Heute hatten wir ein Erlebnis, was mich sehr nachdenklich gestimmt hat. Wir haben eine Hündin getroffen, die Yuki gut kennt, die auch sehr auf andere Hunde fixiert ist, aber aktuell läufig ist. Sie hat sich sehr über Yuki gefreut, aber Yuki hat dauerhaft versucht, auf sie drauf zu springen (vielleicht ist an der Stelle noch wichtig zu erwähnen, dass wir bei Yuki ein Geschirr nutzen, ein Halsband halte ich für nicht geeignet, da sie sich zweimal daraus rausgewunden hat, um zu anderen Hunden zu gelangen). Sie ist bildlich gesprochen über viele hundert Meter fast auf zwei Beinen gelaufen, konnte einfach keine Ruhe geben und hat Emma dauerhaft penetriert. Als wir endlich auf der Wiese angekommen sind, haben wir beide Hunde losgemacht und sie haben getobt. Nach kurzer Zeit war es Emma zu viel und sie hat Yuki abgewiesen und wollte aus der Situation raus. Obwohl sie Yuki sehr deutlich zu verstehen gegeben hat, dass sie keine Lust mehr auf Spielereien hat, hat Yuki keine Ruhe gegeben, sie hat quasi die Signale des anderen Hundes in meinen Augen ignoriert.

Ich kann mir vorstellen, dass es heute etwas anders war für Yuki, weil Emma läufig ist, aber das Verhalten ist mir bereits mehrfach aufgefallen. Anfänglich hat es sie abgeschreckt, wenn sie andere Hunde angebellt oder auch angeknurrt haben, dann war es einfach sie aus der Situation abzurufen und weiterzugehen, inzwischen ignoriert sie dies und versucht trotzdem Kontakt aufzunehmen. Ich habe anfänglich gedacht, dass ich mich den Situationen stellen muss, um das Problem zu lösen, obwohl es mir lieber gewesen wäre, dem aus dem Weg zu gehen.
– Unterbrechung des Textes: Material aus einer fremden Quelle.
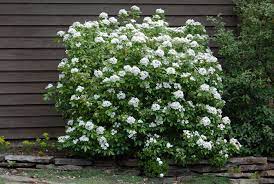 Evergreen and easy to grow with fragrant leaves & flowers it's perfect for mexican orange blossom or choisya ternata has the award of garden merit from the rhs. Choisya Ternata Landscape Plants Oregon State University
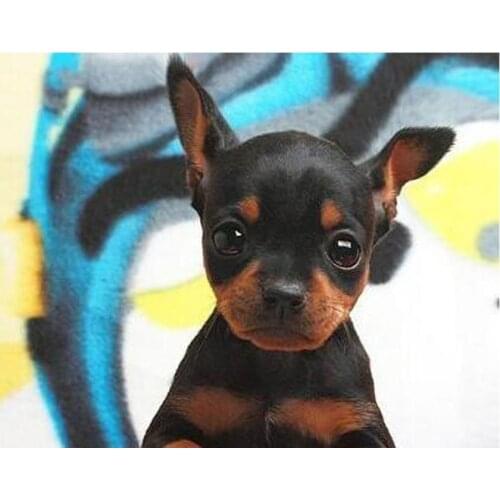 Miniature Pinscher diamond embroidery puzzles diamond painting sale for mosaic picture of rhinestones cross-stitch Z1009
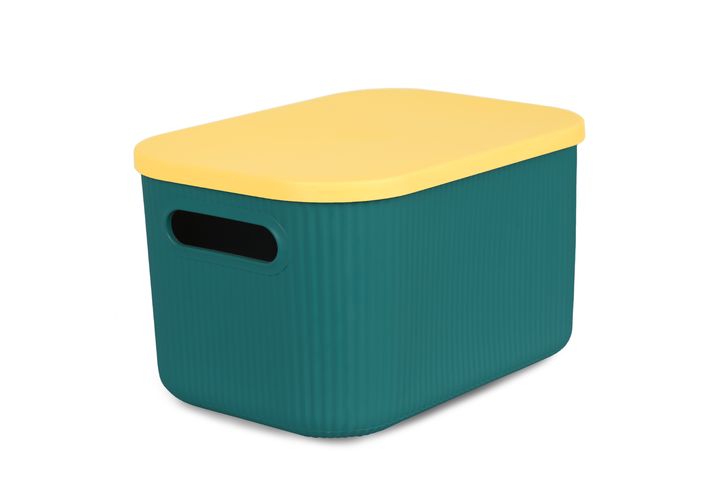 Homing Storage Box, Green & Yellow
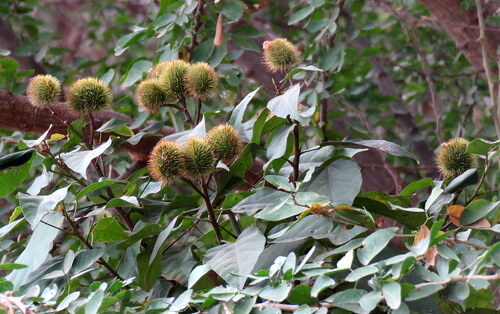Urucum de Flores Rosas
Nun bin ich froh, wenn wir niemandem begegnen, was sie und mich traurig macht, weil sie sich über Artgenossen freut. Wichtig ist vielleicht an dieser Stelle noch die Information, dass Yuki sehr auf mich fixiert ist. Ich habe von Anfang an ganz viel mit ihr gearbeitet, es hat sehr lange gedauert, um sie stubenrein zu bekommen. Und wenn wir allein auf weiter Flur unterwegs sind, haben wir auch kein Problem an der Leine. Im Gegenteil, es ist total entspannt. Sie hört aufs Wort und zieht nicht an der Leine. Grundkommandos wie „Sitz“ „Platz“, „komm“, „bleib“ sind kein Problem, wenn wir zu Hause oder draußen allein sind.
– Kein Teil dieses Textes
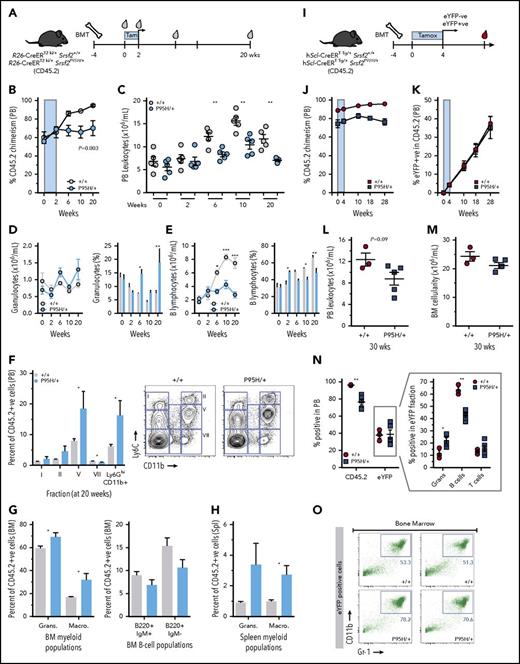 Figure 4. Intrinsic myeloid bias and impaired repopulation of Srsf2P95H/+ HSCs. (A) Experimental outline and timeframe for transplantation using R26-CreER model. (B) PB chimerism. (C) PB leukocyte counts in the recipients of R26-CreER Srsf2+/+ (control) and R26-CreER Srsf2P95H/+ BM over time. Number and percentage of donor-derived granulocytes (D) or B lymphocytes (E) in the PB over time. (F) Quantitation and representative fluorescence-activated cell sorting (FACS) plots of Ly6c/CD11b populations in the CD45.2 donor-derived PB populations: fraction I = Ly6Chi/Mac1−; fraction II = monocytes; fraction V = neutrophil precursors; fraction VII = macrophages. (G) Percentage of CD45.2+ granulocytes, macrophages, and B-cell populations in the BM, respectively. (H) Percentage of CD45.2+ granulocytes and macrophages in the spleen. (I) Experimental outline and timeframe for transplantation using hScl-CreER model. PB chimerism (J) and eYFP percentage (K) within the CD45.2 population over time. PB leukocyte counts (L) and BM cellularity (M) at 30 weeks posttransplantation. (N) Analysis of lineage distribution within the eYFP/CD45.2 population at 28 weeks after Cre activation. (O) FACS plots of the eYFP+ CD11b/Gr-1 populations in the BM of recipients of the indicated genotype. Presented as mean ± standard error of the mean; n = 5 recipients per genotype per transplantation model at initiation of transplantation. Student t test or analysis of variance with repeated measures. *P < .05, **P < .01, ***P < .001. BMT, BM transplantation.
Ich möchte sie so gerne regelmäßig frei laufen lassen, damit sie ausgepowert ist, aber da uns sehr häufig andere Hunde begegnen, traue ich mich das nicht, da ich die Befürchtung und auch bereits die Erfahrung gemacht habe, dass sie auf weitere Entfernung mein Kommando ignoriert und denen nachjagt. Dazu kommt, dass sie, wahrscheinlich rassebedingt einen ausgeprägten Jagdtrieb hat. Kaninchen, Vögel und auch Katzen, ebenso wie Eichhörnchen sind immer wieder spannend, auch die vielen Igel in der Dämmerung haben in den vergangenen Wochen Yukis Interesse geweckt.
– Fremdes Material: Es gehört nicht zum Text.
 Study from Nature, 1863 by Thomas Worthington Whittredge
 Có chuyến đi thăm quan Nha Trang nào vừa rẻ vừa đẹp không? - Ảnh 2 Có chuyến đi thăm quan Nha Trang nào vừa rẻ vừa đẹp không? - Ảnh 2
Ich liebe unseren Hund sehr und würde mir sehr wünschen, zu verstehen, was in ihr vorgeht. Ich möchte sie glücklich machen und eine entspannten Hund zu Hause haben. Ich habe versucht mich zu belesen, allerdings habe ich immer nur Infos dazu gefunden, wenn sich Hunde aggressiv gegenüber Artgenossen verhalten. Nach meiner Einschätzung, die vielleicht nicht richtig ist, ich lasse mich gern eines besseren belehren, ist hier eher die Freude gegenüber Artgenossen ein Problem.

Ich hoffe und wünsche mir, dass ich verständlich erklären konnte, was mein Problem mit Yuki ist und freue mich auf Ihre Antwort.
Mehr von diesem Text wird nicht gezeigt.